The talk will be in Spanish with simultaneous translation into English for the first 200 people.
In the year since his son's death in March 2011, Mexican poet Javier Sicilia has become a social leader and a prominent voice protesting Mexico's militarized war against the drug cartels. He will share his experiences on April 30 during a talk at the University of Arizona that is free and open to the public.
A poet, essayist, novelist and journalist before the death of his son, Juan Francisco, Sicilia has unified tens of thousands of Mexicans as a peace-activist protesting against drug-related violence and was profiled in Time magazine's "2011 Person of the Year: The Protester."

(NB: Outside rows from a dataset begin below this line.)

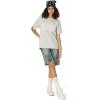 imageAelfric Eden Womens Oversized Graphic Tees Y2k Flower Embroidery Number Print TShirts Crewceck Summer TopsGrey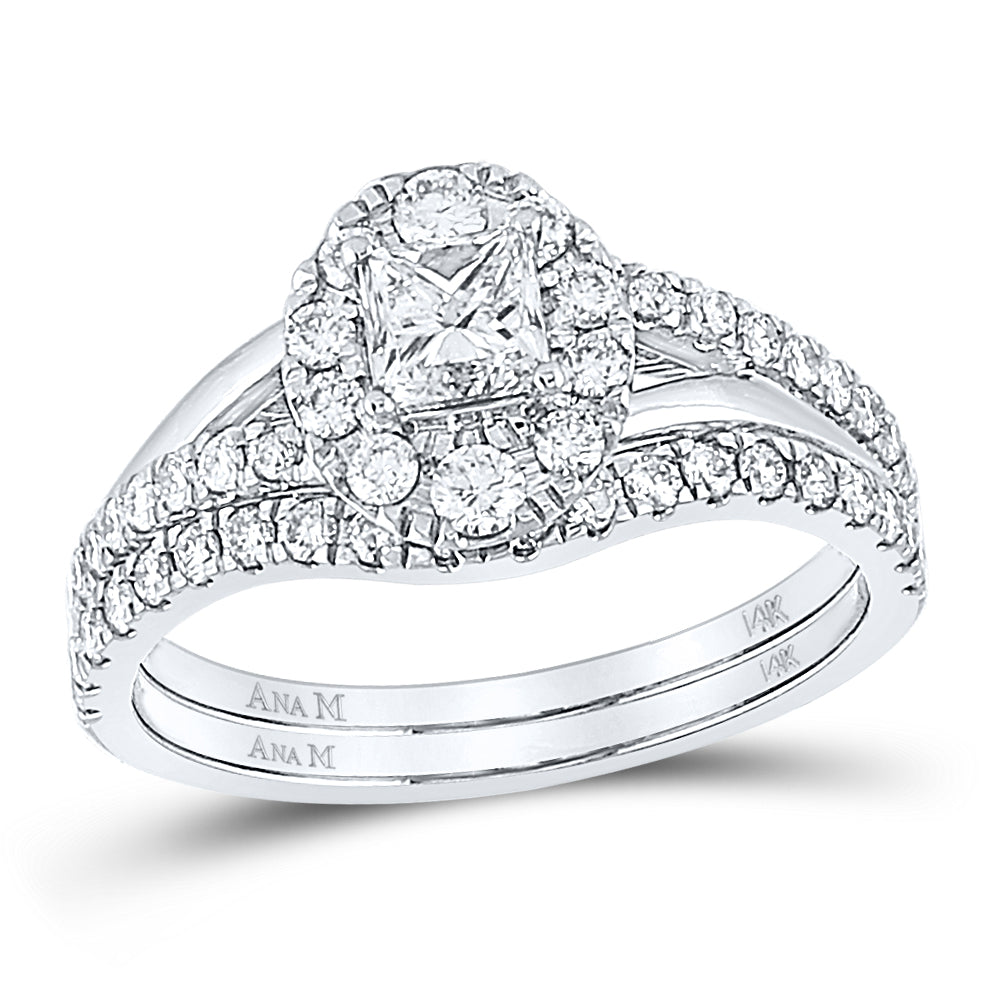 1CT-DIA ANA M 1/2CT-CPR BRIDAL SETS 1HALO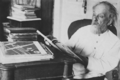 Konstantin Tsiolkovsky in his working room (by Feodosiy Chmil), 1934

He founded the Movimiento por la Paz con Justicia y Dignidad (the Movement for Peace with Justice and Dignity), which has galvanized protests throughout Mexico under the banners "No mas sangre" ("No more blood") and "Estamos hasta la Madre" ("We've had it up to here").
He will speak in the UA's Harvill Building, Room 150, 1103 E. Second St., from 5-6:30 p.m., sharing his view of Mexico's future. The talk will be in Spanish with simultaneous translation into English for the first 200 people.
Sicilia also will meet with local community and student groups during the day.
His visit to the UA is organized by the Southwest Center and the Center for Latin American Studies in collaboration with Global Exchange.
In addition, the event is co-sponsored by the College of Public Health, the College of Social and Behavioral Sciences, the Office of Western Hemispheric Programs, the Udall Center for Studies in Public Policy, the School of Anthropology, Regents Professor John Olsen, the School of Geography and Development, the Little Chapel of All Nations, the Confluencenter for Creative Inquiry, the Poetry Center, the Institute of the Environment and the Border Journalists' Network.